Exercise aim: Below, find the line containing "Illusionist man makes" and the line containing "Woman with gift"; reproduce exactly those two and every line between them, omitting pictures.

Extracted information:
┄┄┄┄┄┄

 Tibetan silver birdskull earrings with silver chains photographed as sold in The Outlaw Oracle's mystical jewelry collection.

┄┄┄┄┄┄

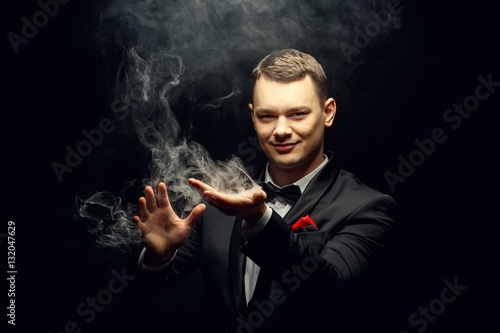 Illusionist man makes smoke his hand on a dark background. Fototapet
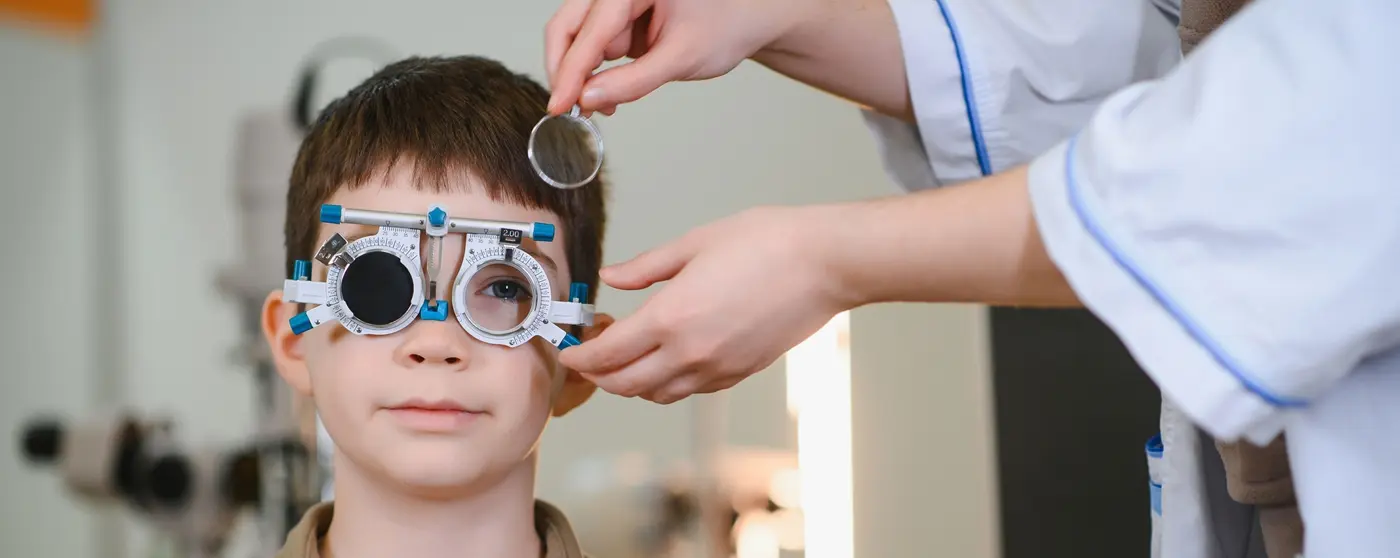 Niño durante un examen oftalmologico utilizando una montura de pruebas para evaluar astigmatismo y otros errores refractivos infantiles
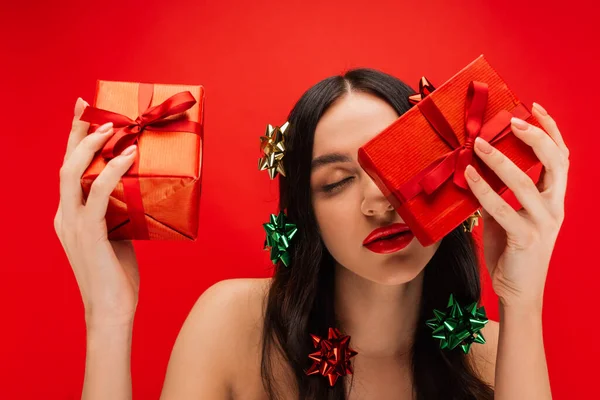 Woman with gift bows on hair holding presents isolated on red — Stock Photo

┄┄┄┄┄┄

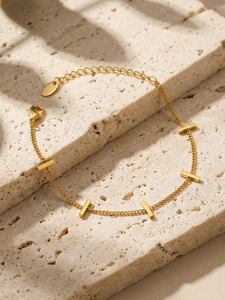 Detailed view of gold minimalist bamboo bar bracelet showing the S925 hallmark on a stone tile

┄┄┄┄┄┄

Result of the exercise:
 Illusionist man makes smoke his hand on a dark background. Fototapet
 Niño durante un examen oftalmologico utilizando una montura de pruebas para evaluar astigmatismo y otros errores refractivos infantiles
 Woman with gift bows on hair holding presents isolated on red — Stock Photo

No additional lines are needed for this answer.